Antes de tudo, um sistema capaz de incentivar os pesquisadores é um fator essencial no desenvolvimento de um país. Hodiernamente, o Brasil ocupa, consoante ao portal G1, a nona posição na economia mundial. Nesse sentido, seria racional acreditar que o país estimula e garante recursos para as pesquisas. Contudo, a realidade é o oposto e esse contraste é refletido na fuga de cérebros do país, como mestres e doutores, que poderiam contribuir para o desenvolvimento socioeconômico da nação.

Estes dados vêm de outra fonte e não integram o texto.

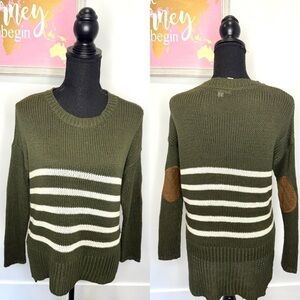 Alya Olive Green Elbow Patch Stripe Knit High-Lo Women’s Sweater (S)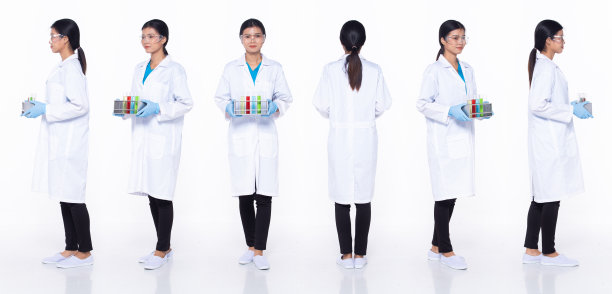 全长30秒亚裔女科学家科学博士，前后360度图片下载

Ademais, faz-se mister salientar as condições precárias do sistema público de educação como impulsionador dessa mazela social. De acordo com Arthur Lewis, a educação nunca foi despesa, sempre foi investimento com retorno garantido. Destarte, os investimentos na educação garantem a permanência de cérebros no país uma vez que um sistema educacional eficiente garantiria diversas oportunidades de pesquisas aos mestres e doutores, sem que seja necessário a fuga para outra nação. Portanto, infere-se que ainda há entraves para garantir a construção de um mundo melhor, sem a fuga de cérebros do país. Dessa maneira, impende ao Ministério da Ciência e Tecnologia, órgão responsável pelas pesquisas científicas, propor diretrizes e normas regulamentadoras, por meio de verbas governamentais, que garantam recursos para o incentivo às pesquisas e aos mestre e doutores, garantindo o máximo de oportunidades possíveis. Dessa forma, através da gestão de recursos eficiente, o Brasil poderia garantir a permanência de cérebros no país.